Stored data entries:

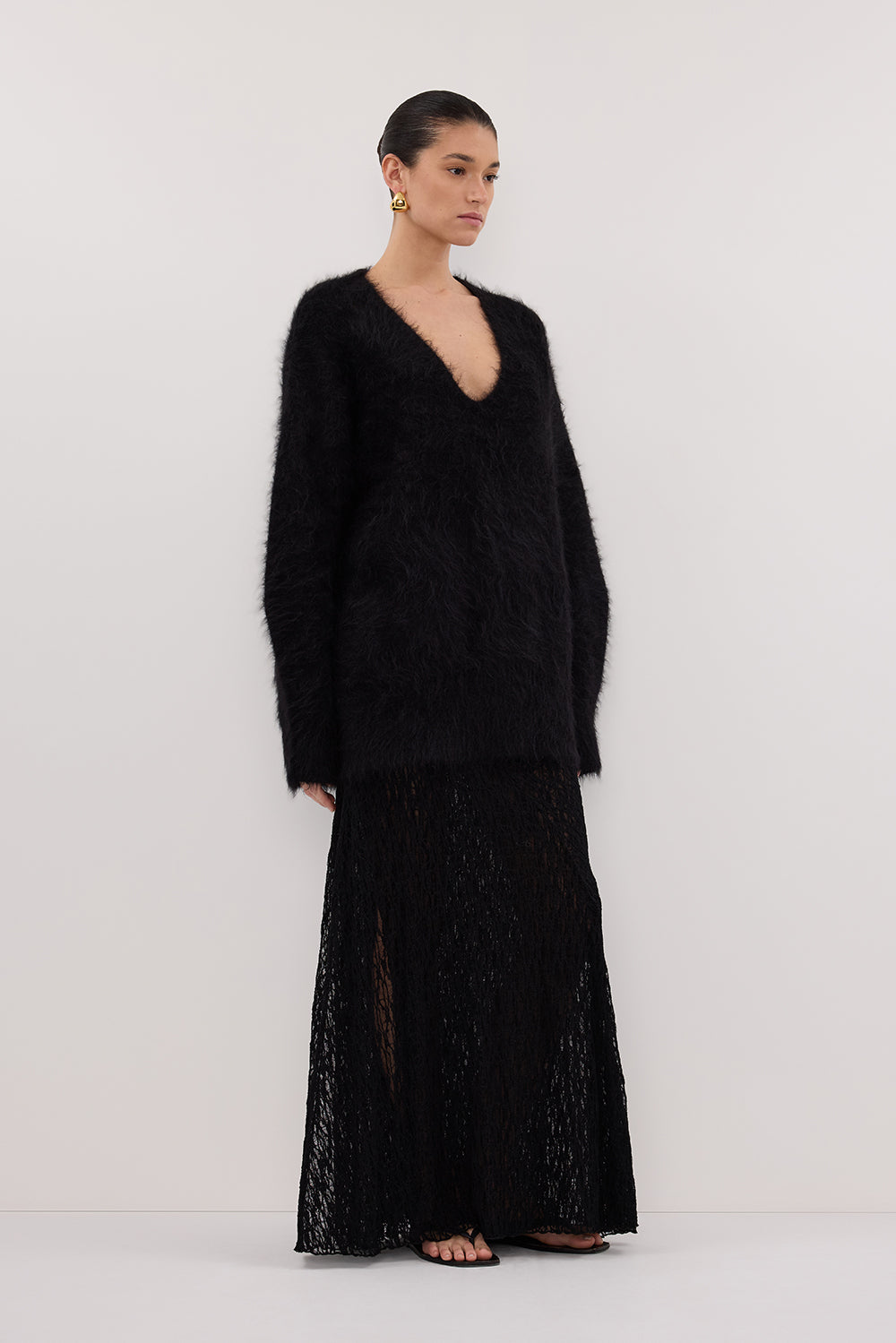 LIZZIE BLACK LAYERED LACE MIDI SKIRT – DISSH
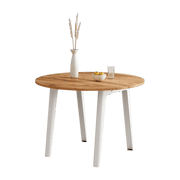 Table à manger ronde en bois ancien et piètement en acier blanc 110 x 75 cm New modern - TIPTOE - The Cool Republic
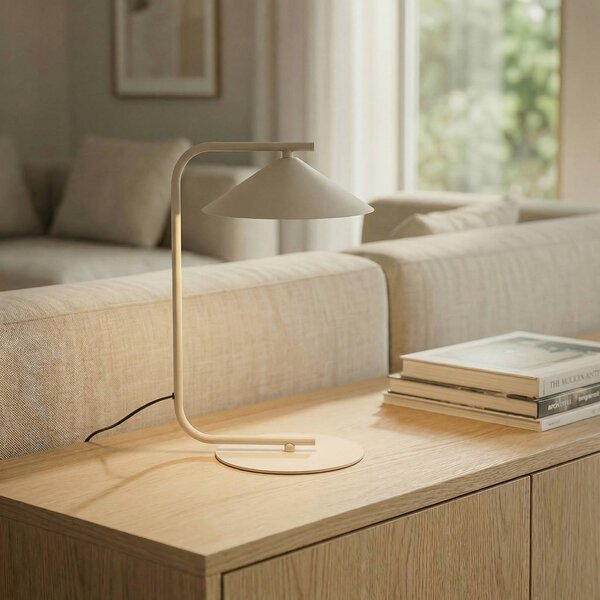 Lampada da tavolo Lume TK Lighting, Crema / Ambra, Camera da letto, Metallo, Lampada da tavolo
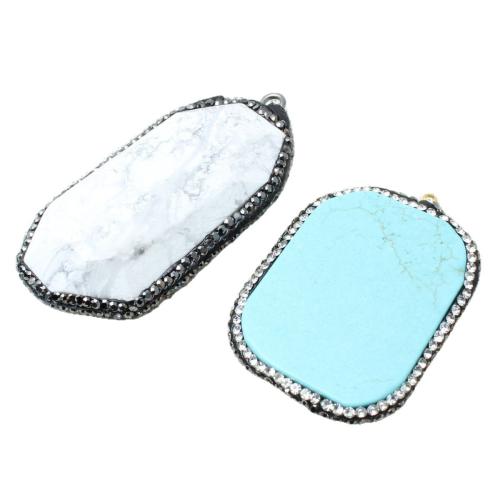 Tirkizna Privjesak, Prirodni Tirkizna, s Cink Alloy, ručno izrađen, možete DIY & različitih stilova za izbor & s Rhinestone, Prodano By PC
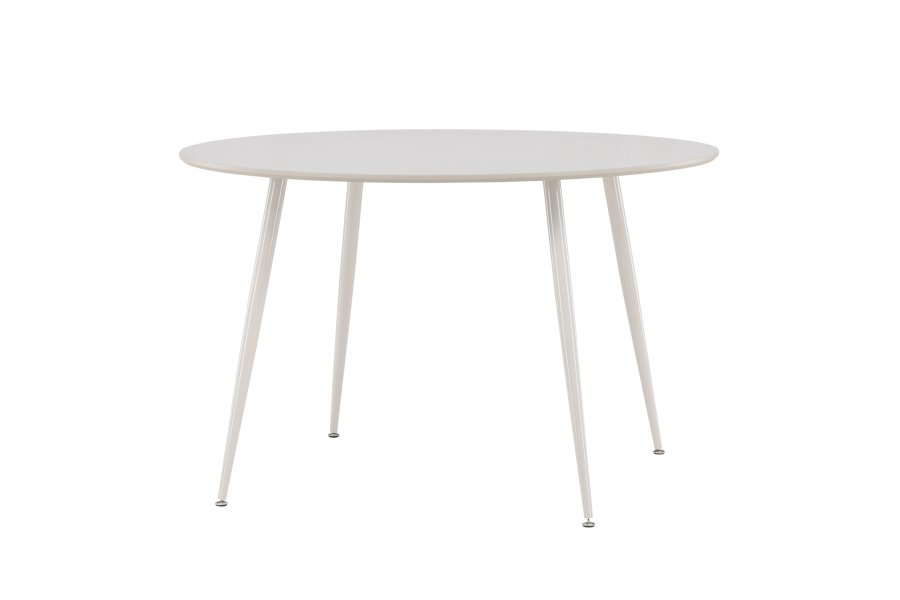 VENTURE DESIGN Plaza spisebord, rundt - beige MDF og stl (120)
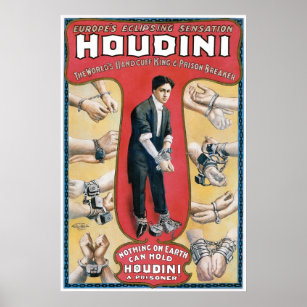 Poster Houdini ~ Artiste d'évasion de menottes Vintages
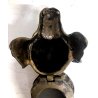 CALAMAIO PORTA INCHIOSTRO INKWELL CANE da CACCIA ANATRA VITTORIANO PATINA '800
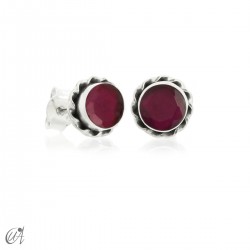 Silver and ruby - Phebe mini earrings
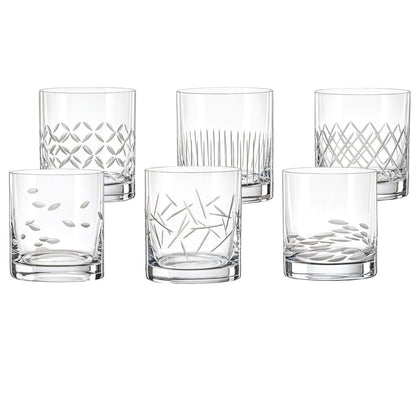 Whisky glasses, set of 6 - crystalline, 280 ml
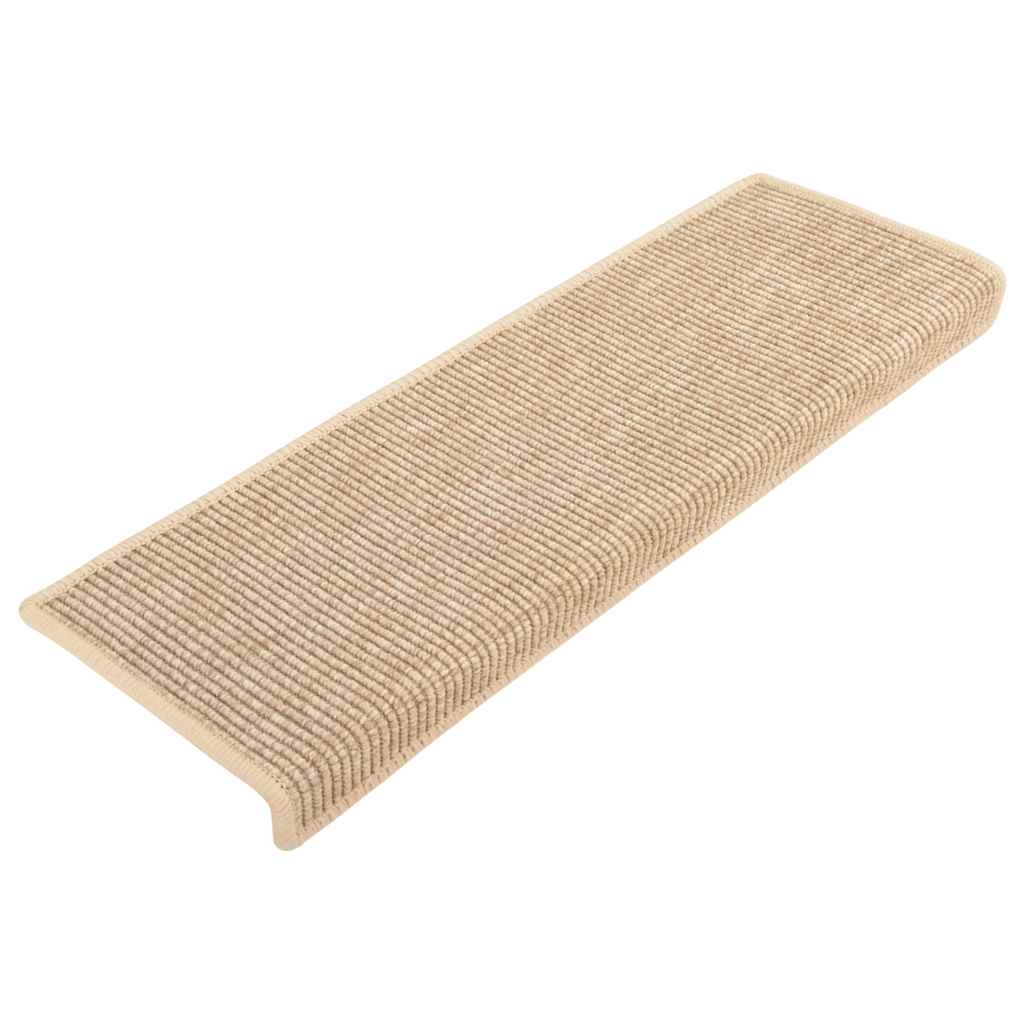 Vidaxx trappemåtter 15 stk 65x21x4 cm lys beige med rektangulær kant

• WHAT NEEDS TO BE DONE: Write the records above out again word for word, skipping each picture.

• THE ANSWER:
 LIZZIE BLACK LAYERED LACE MIDI SKIRT – DISSH
 Table à manger ronde en bois ancien et piètement en acier blanc 110 x 75 cm New modern - TIPTOE - The Cool Republic
 Lampada da tavolo Lume TK Lighting, Crema / Ambra, Camera da letto, Metallo, Lampada da tavolo
 Tirkizna Privjesak, Prirodni Tirkizna, s Cink Alloy, ručno izrađen, možete DIY & različitih stilova za izbor & s Rhinestone, Prodano By PC
 VENTURE DESIGN Plaza spisebord, rundt - beige MDF og stl (120)
 Poster Houdini ~ Artiste d'évasion de menottes Vintages
 CALAMAIO PORTA INCHIOSTRO INKWELL CANE da CACCIA ANATRA VITTORIANO PATINA '800
 Silver and ruby - Phebe mini earrings
 Whisky glasses, set of 6 - crystalline, 280 ml
 Vidaxx trappemåtter 15 stk 65x21x4 cm lys beige med rektangulær kant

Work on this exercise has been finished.